◆ EXERCISE DESCRIPTION ◆
Retype the entries in full.

----------------------------------------

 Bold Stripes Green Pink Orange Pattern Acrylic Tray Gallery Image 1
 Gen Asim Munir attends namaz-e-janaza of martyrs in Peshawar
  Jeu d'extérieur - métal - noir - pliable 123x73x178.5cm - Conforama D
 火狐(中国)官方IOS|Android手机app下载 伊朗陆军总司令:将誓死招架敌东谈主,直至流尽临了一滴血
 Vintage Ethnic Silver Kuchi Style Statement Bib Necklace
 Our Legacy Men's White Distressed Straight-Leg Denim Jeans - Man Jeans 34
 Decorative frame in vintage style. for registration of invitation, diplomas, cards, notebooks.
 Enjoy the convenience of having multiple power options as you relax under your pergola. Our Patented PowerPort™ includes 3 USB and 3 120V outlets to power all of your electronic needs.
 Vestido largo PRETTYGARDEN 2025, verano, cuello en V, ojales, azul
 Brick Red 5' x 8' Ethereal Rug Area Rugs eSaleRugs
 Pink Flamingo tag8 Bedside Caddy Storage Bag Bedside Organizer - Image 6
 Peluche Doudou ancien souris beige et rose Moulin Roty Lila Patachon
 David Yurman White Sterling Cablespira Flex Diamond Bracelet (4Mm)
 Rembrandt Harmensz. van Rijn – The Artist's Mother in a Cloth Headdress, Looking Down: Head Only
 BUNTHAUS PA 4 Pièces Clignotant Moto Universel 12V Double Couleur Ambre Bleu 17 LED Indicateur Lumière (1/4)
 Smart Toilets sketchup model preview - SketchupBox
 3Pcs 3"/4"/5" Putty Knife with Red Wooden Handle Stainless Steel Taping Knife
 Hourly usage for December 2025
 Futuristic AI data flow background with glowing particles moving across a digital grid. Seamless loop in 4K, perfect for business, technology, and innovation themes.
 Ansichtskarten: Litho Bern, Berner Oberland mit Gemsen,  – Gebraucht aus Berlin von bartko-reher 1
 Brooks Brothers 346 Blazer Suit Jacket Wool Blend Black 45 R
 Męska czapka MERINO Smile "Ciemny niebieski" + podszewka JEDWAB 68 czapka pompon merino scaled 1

----------------------------------------

◆ OUTPUT OF THE EXERCISE ◆
 Bold Stripes Green Pink Orange Pattern Acrylic Tray Gallery Image 1
 Gen Asim Munir attends namaz-e-janaza of martyrs in Peshawar
  Jeu d'extérieur - métal - noir - pliable 123x73x178.5cm - Conforama D
 火狐(中国)官方IOS|Android手机app下载 伊朗陆军总司令:将誓死招架敌东谈主,直至流尽临了一滴血
 Vintage Ethnic Silver Kuchi Style Statement Bib Necklace
 Our Legacy Men's White Distressed Straight-Leg Denim Jeans - Man Jeans 34
 Decorative frame in vintage style. for registration of invitation, diplomas, cards, notebooks.
 Enjoy the convenience of having multiple power options as you relax under your pergola. Our Patented PowerPort™ includes 3 USB and 3 120V outlets to power all of your electronic needs.
 Vestido largo PRETTYGARDEN 2025, verano, cuello en V, ojales, azul
 Brick Red 5' x 8' Ethereal Rug Area Rugs eSaleRugs
 Pink Flamingo tag8 Bedside Caddy Storage Bag Bedside Organizer - Image 6
 Peluche Doudou ancien souris beige et rose Moulin Roty Lila Patachon
 David Yurman White Sterling Cablespira Flex Diamond Bracelet (4Mm)
 Rembrandt Harmensz. van Rijn – The Artist's Mother in a Cloth Headdress, Looking Down: Head Only
 BUNTHAUS PA 4 Pièces Clignotant Moto Universel 12V Double Couleur Ambre Bleu 17 LED Indicateur Lumière (1/4)
 Smart Toilets sketchup model preview - SketchupBox
 3Pcs 3"/4"/5" Putty Knife with Red Wooden Handle Stainless Steel Taping Knife
 Hourly usage for December 2025
 Futuristic AI data flow background with glowing particles moving across a digital grid. Seamless loop in 4K, perfect for business, technology, and innovation themes.
 Ansichtskarten: Litho Bern, Berner Oberland mit Gemsen,  – Gebraucht aus Berlin von bartko-reher 1
 Brooks Brothers 346 Blazer Suit Jacket Wool Blend Black 45 R
 Męska czapka MERINO Smile "Ciemny niebieski" + podszewka JEDWAB 68 czapka pompon merino scaled 1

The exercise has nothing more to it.